Included in the list of verses for this question is a lengthy passage consisting of the entire thirteenth chapter of 1 Kings. This set of verses has much to teach the children of Yahweh. Those who speak for the Father and Son must be firm in their convictions, and wise to the deceptions of the enemy. They are to be clear on what their ministry and mission is, lest they be led away by even those whom they consider to be trustworthy. It is not that believers are to be suspicious of one another; yet they must place their trust firmly in the Almighty and let Him direct their paths, even when great pressure or persuasion would misdirect them.
Question 12: In what ways do WE exercise the authority of Yahweh in our lives?
Bible Verses: John 16:26-27, Matthew 21:21, Mark 16:17, James 5:14-18, James 2:15-16, 1 Corinthians 9:27, 2 Timothy 4:7-8, John 8:29, Revelation 12:17
Notes: Although we pray in the name of the Son, the Father Himself loves us, and is eager to answer our prayers. Whatsoever we ask in righteousness, we have; thus, we exercise all authority in the universe toward our own sanctification, and for the blessing of others.
By faith, should a mountain need to be moved out of our way, it will be removed. Where there is no doubt, all things are possible to the believer in the course of their service to the Almighty. Miracles follow the believers, and we may have every confidence that our prayers on behalf of the sick, the poor, and the needy are heard and honored. Of course, where we have the power to actively assist others through ordinary means we must do so, and not expect that the Father will provide something for others when He has already provided us with the things that they need.
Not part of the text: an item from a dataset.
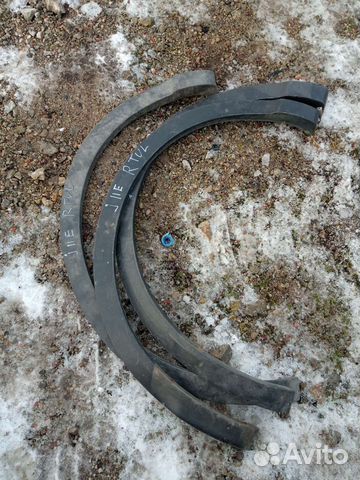 Nissan Qashqai j11 E правая задняя накладка крыла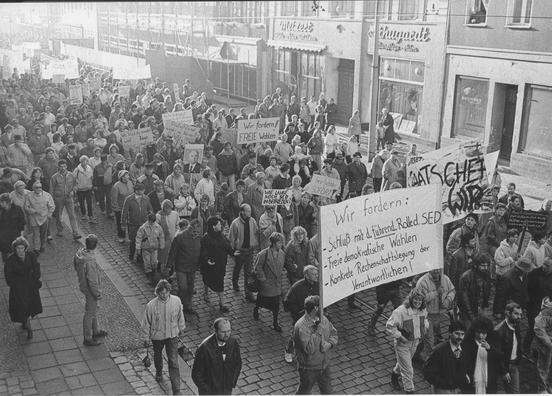 Am 12. November 1989 gingen die Brandenburgerinnen und Brandenburger auf die Straße, um für Reformen in der DDR zu protestieren (Foto: Stadtmuseum Brandenburg an der Havel)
Perhaps most importantly, Yahweh has given us power over our own selves. By the grace of Yahshua, the old, carnal nature is dead. We keep our bodies under subjection to the Holy Spirit, declaring our victory with an invincible testimony, and therefore have confidence in our own salvation, and knowledge that we will see the beauty of the world to come.
To unconverted, declarations such as, "I have overcome the world," and "I have obtained victory over my sins, so that I do always those things that please my Father," may appear to be prideful. Ironically, individuals who consider themselves to be religious (without accepting victory over sin themselves) may be among the most likely to take offense to such statements, since they themselves cannot honestly make them. It must be understood by Christians that if "self" is dead, (Romans 6:11) any declaration made about the state of the soul is really about Christ Himself, for He dwells by His Spirit within the believer. (John 14:23) What Christ has said of His relationship to sin and the world, the believer may also say. This is, ultimately, the "testimony of Yahshua" that the Bible declares the redeemed will possess.
Here are some questions that a teacher may ask a Bible student in order to facilitate a discussion on the major topics of this section. By telling of their own experiences, and giving their testimony, Bible teachers can use these to guide the conversation toward the upcoming chapters of the study series.
Note that these do not have to be taken in order, and not all need to be asked. The conversation should be natural, free, and with the purpose of discovering the needs of the student that the Biblical faith can meet.
1) Why is a commandment about honoring parents found in the 10 Commandments, which is about perfect worship and righteous human behavior?
2) Why does the Bible emphasize the importance of group worship, and not just private prayer?
3) What does it mean that the Church is called a "nation" of kings and priests?
4) How is individual freedom balanced with the authorities that Yahweh has placed within the Church?
5) How can the verses about all being equal in Christ be harmonized with those that instruct wives to obey their husbands, and Church members to obey the elders?
6) How did the apostles react to the apparent favoring of Peter, James and John by Yahshua? How did He address their discontent?
7) In what ways are we, and might we be, called upon to "obey God rather than men?"